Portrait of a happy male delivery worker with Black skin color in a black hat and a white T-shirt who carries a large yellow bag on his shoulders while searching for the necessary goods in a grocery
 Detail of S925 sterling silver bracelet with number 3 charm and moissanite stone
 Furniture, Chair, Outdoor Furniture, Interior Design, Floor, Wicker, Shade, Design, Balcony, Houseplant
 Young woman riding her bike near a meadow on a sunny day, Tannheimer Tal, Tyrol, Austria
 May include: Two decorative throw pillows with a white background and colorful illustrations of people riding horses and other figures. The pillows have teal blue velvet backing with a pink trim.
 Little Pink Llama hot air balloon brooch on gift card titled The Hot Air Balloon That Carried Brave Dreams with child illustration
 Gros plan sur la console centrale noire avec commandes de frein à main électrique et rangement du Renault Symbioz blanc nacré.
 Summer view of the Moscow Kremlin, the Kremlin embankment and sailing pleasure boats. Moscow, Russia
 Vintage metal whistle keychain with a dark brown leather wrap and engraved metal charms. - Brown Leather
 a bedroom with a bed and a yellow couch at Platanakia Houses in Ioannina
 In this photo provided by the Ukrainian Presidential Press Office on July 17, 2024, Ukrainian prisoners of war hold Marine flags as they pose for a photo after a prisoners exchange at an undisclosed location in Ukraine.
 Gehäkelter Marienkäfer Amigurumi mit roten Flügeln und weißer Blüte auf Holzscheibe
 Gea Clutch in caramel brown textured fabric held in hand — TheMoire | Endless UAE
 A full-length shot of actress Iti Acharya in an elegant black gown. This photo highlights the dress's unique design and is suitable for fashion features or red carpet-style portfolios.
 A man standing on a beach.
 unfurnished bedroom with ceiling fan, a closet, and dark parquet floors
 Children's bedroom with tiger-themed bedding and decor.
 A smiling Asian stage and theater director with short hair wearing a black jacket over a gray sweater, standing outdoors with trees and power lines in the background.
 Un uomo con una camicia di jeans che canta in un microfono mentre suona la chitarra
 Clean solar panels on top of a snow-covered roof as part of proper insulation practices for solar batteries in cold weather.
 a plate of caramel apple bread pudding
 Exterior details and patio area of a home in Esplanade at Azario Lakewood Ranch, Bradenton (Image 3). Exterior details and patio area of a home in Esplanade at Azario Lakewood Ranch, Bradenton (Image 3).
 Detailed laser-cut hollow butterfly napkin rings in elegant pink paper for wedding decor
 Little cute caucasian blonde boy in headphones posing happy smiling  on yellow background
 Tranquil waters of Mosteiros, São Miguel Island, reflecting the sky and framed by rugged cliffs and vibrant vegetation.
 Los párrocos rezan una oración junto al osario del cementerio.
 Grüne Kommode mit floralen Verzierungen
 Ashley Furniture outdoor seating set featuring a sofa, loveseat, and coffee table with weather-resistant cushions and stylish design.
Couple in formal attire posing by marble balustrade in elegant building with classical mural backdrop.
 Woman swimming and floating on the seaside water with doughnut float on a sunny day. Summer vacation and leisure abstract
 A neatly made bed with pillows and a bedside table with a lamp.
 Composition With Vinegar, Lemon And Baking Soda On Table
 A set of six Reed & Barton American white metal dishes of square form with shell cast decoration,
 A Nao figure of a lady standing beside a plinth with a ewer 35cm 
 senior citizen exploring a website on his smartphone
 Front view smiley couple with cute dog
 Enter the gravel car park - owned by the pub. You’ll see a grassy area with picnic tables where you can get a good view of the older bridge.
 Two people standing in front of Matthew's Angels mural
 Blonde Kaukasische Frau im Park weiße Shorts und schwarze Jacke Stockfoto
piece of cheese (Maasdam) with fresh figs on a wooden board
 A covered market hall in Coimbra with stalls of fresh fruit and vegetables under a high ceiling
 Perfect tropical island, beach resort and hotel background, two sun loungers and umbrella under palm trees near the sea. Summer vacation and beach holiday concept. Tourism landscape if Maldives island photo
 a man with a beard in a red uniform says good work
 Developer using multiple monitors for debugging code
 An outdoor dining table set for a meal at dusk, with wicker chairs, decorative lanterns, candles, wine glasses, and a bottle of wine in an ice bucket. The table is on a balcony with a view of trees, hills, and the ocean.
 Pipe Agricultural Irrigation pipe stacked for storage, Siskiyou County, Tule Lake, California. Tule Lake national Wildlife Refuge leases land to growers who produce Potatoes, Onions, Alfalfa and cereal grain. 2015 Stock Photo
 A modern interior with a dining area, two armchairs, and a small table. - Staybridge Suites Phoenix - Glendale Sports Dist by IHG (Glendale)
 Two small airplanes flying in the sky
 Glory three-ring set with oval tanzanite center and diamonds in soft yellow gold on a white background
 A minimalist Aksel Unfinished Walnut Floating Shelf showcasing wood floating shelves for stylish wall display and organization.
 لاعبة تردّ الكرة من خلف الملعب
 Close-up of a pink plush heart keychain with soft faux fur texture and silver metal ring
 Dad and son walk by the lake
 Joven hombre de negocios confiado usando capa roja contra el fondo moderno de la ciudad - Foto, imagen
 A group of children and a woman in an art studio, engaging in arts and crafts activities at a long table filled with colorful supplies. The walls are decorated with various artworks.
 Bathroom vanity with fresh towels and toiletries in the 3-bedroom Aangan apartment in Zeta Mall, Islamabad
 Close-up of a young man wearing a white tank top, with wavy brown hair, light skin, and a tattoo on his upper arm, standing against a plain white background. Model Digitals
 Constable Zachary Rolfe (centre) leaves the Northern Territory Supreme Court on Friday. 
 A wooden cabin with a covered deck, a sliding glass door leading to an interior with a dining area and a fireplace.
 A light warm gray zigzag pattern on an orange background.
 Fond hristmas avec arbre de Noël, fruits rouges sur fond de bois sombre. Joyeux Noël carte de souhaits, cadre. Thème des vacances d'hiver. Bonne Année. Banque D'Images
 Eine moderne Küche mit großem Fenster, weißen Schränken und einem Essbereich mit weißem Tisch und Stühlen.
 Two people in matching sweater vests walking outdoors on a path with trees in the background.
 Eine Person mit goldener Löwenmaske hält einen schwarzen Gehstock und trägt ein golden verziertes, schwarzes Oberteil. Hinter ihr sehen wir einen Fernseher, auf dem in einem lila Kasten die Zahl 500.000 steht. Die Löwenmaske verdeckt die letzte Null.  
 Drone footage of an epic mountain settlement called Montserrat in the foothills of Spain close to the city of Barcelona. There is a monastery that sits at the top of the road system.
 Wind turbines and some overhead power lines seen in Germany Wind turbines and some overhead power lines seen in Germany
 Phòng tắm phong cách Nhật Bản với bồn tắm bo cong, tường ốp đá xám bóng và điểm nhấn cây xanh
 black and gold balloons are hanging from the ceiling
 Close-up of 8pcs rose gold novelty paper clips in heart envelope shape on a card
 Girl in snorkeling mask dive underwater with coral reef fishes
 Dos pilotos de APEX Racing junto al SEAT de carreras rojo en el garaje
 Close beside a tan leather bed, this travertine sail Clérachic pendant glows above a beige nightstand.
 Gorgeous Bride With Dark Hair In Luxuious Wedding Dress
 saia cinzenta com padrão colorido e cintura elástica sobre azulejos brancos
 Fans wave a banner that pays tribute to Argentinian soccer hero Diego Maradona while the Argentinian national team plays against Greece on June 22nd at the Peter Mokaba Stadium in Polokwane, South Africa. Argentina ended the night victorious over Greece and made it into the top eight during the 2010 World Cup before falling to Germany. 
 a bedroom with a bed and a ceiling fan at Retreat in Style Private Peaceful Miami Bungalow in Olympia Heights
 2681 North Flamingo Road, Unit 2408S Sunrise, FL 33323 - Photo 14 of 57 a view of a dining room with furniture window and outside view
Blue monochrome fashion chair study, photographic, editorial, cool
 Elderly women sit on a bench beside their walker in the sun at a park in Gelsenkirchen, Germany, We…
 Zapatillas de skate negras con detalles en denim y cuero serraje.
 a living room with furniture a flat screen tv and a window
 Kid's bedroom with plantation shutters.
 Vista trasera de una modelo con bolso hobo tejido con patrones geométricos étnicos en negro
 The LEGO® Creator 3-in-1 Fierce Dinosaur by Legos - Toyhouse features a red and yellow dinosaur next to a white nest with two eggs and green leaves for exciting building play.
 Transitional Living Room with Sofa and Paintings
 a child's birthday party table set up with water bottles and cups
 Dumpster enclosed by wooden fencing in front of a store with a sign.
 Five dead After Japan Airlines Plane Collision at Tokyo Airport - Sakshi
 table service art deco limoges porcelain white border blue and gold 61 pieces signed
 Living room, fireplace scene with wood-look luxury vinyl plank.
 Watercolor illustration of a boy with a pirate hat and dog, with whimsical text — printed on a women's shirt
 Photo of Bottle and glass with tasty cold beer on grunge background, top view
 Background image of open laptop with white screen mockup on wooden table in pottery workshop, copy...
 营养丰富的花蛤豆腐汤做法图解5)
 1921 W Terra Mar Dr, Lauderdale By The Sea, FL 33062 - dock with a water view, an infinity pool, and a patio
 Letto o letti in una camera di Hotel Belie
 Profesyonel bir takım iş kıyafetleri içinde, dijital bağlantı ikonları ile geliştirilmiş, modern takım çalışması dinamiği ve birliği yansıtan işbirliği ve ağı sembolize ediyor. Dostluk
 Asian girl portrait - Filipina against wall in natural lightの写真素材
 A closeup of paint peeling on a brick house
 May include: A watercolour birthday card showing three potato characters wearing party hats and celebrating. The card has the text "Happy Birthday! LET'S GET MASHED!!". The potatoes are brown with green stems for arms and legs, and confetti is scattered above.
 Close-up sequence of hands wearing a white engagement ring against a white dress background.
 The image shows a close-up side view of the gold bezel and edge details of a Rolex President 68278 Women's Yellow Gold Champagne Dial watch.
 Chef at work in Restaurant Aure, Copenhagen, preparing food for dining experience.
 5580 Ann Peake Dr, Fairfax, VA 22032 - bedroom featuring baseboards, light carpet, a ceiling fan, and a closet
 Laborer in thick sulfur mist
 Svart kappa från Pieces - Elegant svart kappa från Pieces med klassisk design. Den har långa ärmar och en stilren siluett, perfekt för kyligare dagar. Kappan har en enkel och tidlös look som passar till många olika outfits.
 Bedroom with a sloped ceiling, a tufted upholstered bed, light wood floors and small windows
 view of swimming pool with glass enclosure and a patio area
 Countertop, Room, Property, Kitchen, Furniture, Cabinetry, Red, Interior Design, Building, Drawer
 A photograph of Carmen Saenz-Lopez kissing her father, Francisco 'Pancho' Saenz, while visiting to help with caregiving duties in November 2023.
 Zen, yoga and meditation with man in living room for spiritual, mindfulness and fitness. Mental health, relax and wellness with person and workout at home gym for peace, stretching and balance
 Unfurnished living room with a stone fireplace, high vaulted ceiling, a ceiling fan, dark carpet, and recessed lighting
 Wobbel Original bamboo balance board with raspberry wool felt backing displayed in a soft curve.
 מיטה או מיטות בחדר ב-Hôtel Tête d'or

+++++

Task item: Please say how many lines in the records above contain the string "screen", giving no other words.

Exercise answer: 2